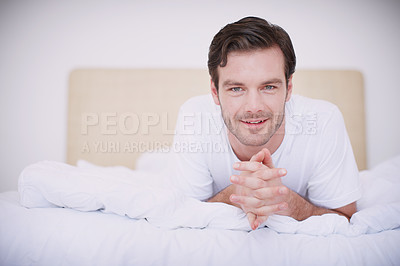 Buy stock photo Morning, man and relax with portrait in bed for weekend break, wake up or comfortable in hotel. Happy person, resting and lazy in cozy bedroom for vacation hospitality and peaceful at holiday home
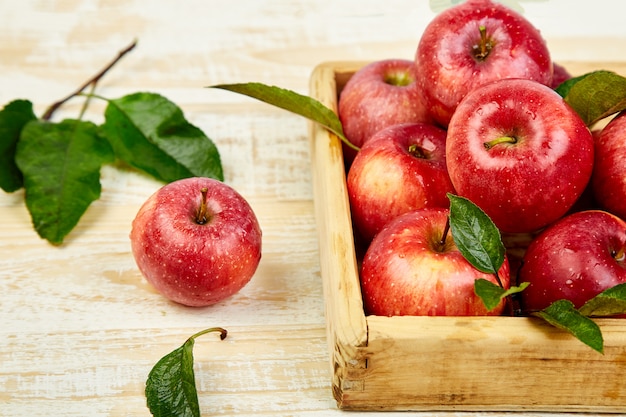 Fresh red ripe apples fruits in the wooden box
__________________________________________________
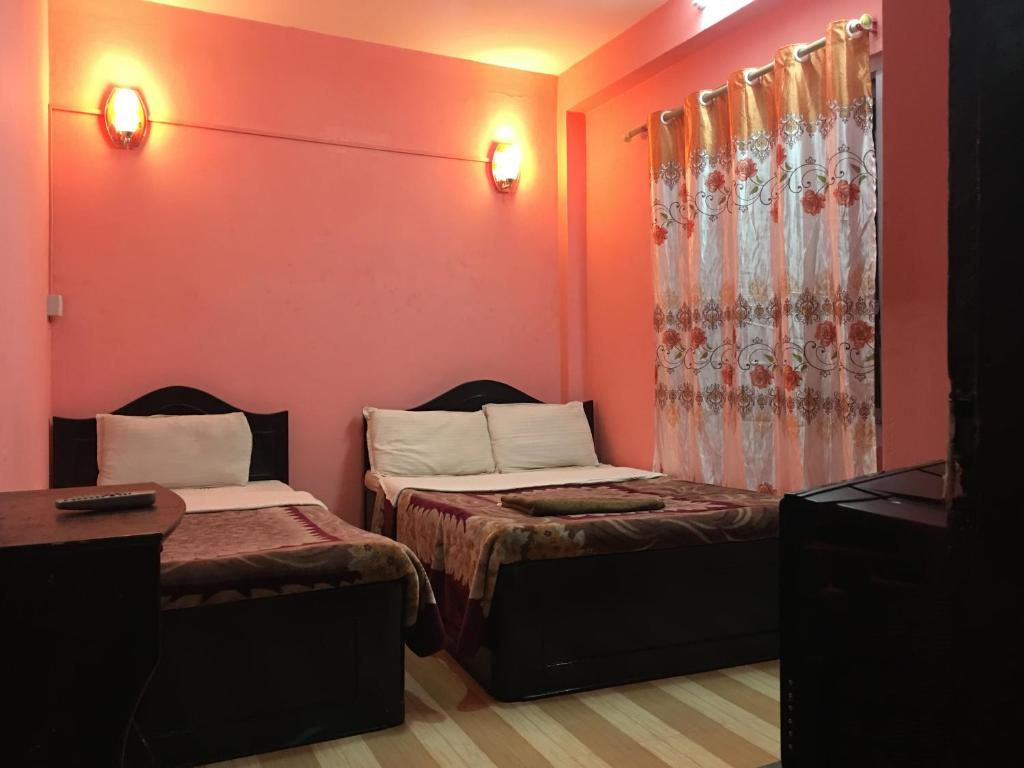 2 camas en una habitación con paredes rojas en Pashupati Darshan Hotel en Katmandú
__________________________________________________
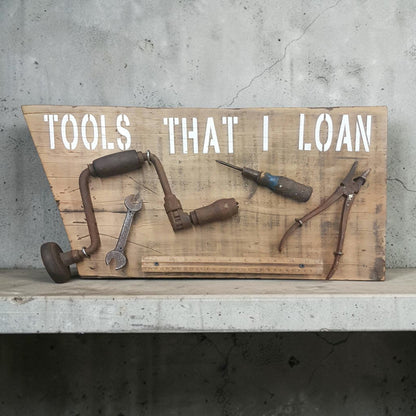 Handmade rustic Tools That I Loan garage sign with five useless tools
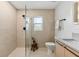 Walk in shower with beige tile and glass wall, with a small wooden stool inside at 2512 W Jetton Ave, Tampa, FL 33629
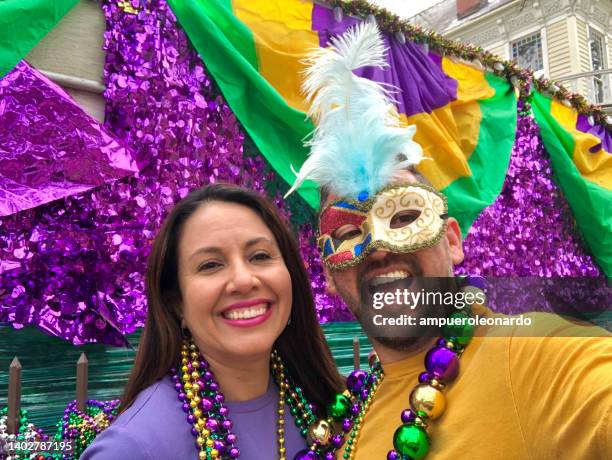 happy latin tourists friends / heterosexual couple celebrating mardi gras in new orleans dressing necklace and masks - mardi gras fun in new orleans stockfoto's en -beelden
__________________________________________________
Of the lines above, copy only those from the one holding "Buy stock photo" to the one holding "Fresh red ripe", both included, and exclude every image.

» Your response
 Buy stock photo Morning, man and relax with portrait in bed for weekend break, wake up or comfortable in hotel. Happy person, resting and lazy in cozy bedroom for vacation hospitality and peaceful at holiday home
 Fresh red ripe apples fruits in the wooden box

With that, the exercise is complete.